Travaillant dans des cabinets de conseils, ayant vécu à Angers, Lille, aux Pays-Bas, à Bruxelles et Paris, Terez prend conscience qu’elle est la complice d’un monde dont elle ne veut pas. Elle décide de tout plaquer. « Je gagnais bien ma vie mais, comme je décidai de m’installer à Morlaix, j’avais besoin de cinq fois moins d’argent. Ce fut un changement radical, du jour au lendemain. »
Malgré tout, sa situation n’est pas simple. « Mes parents étaient exploitants agricoles et j’avais connu la pauvreté quand j’étais jeune. J’avais peur de me retrouver dans la rue. Il fallait que je fonce, que je trouve des idées. »
Terez a toujours aimé les livres. Elle est férue de littérature scandinave. « Je dois ce goût à l’influence protestante que j’ai eue en vivant six mois aux Pays-Bas. Je suis très sensible à la souffrance des hommes et je m’intéresse au suicide, très fréquent en Bretagne et dans le Grand Nord. »
Les récits de vie
La lecture l’amène tout naturellement à l’écriture. Et aux récits de vie. « Les gens désirent raconter leur existence, même s’ils pensent n’avoir rien d’intéressant à dire. C’est ainsi qu’un marin de Paimpol a voulu que j’écrive son livre, alors que je n’avais encore rien publié. Il évoquait surtout la pêche côtière et je lui ai proposé un roman. J’en lisais énormément mais je pensais être incapable d’en écrire. »
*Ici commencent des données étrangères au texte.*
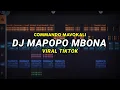 Download Lagu DJ MAPOPO MBONA WAMESHA SYALALA VIRAL TIKTOK COMMANDO MAVOKALI REMIX FULL BASS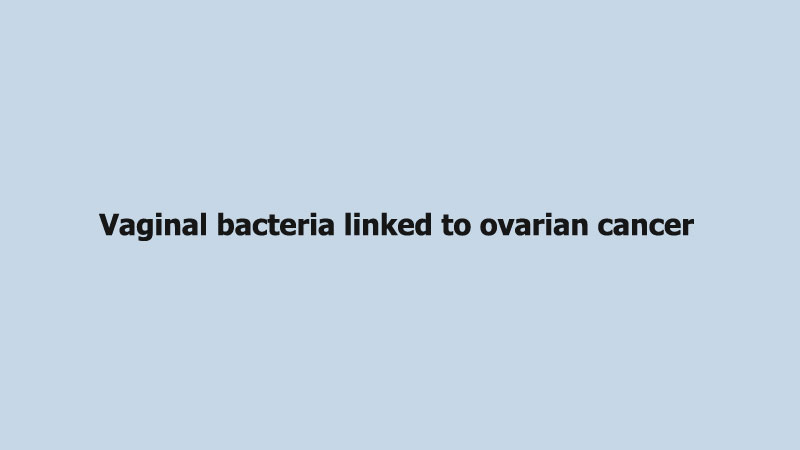 Vaginal bacteria linked to ovarian cancer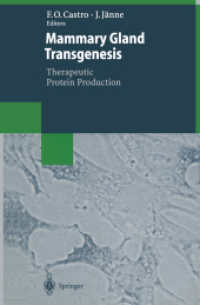 Mammary Gland Transgenesis: Therapeutic Protein Production (Biotechnology Intelligence Unit)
Terez mène ce défi jusqu’au bout et, après Marin, elle traduit en livres plusieurs récits de vie. « Ces personnes ont souvent besoin d’un témoin. L’autre les reconnaît en les écoutant. En lisant ce que j’avais écrit sur eux, ils étaient souvent étonnés, heureux. C’était leurs mots ! Ils se disaient : j’ai eu une vie. Ils pouvaient la quitter et partir en paix. Sauf pour le marin, qui voulait que le roman soit diffusé, chaque livre était imprimé entre 20 et 50 exemplaires. En tout, j’en ai fait une trentaine. »
À Saint-Malo, Terez fréquente assidûment le festival Étonnants Voyageurs, créé en 1990 par Michel Le Bris. C’est à lui qu’elle doit l’orthographe de son prénom. « Michel habitait entre Terenez et Barnenez, deux pointes entre lesquelles je faisais moi-même de l’aviron. Terez est devenu mon nouveau nom de baptême quand j’ai commencé à écrire de la poésie. »
De la poésie ? Pourtant, elle avoue qu’elle ne supportait pas. Puis il y eut des rencontres…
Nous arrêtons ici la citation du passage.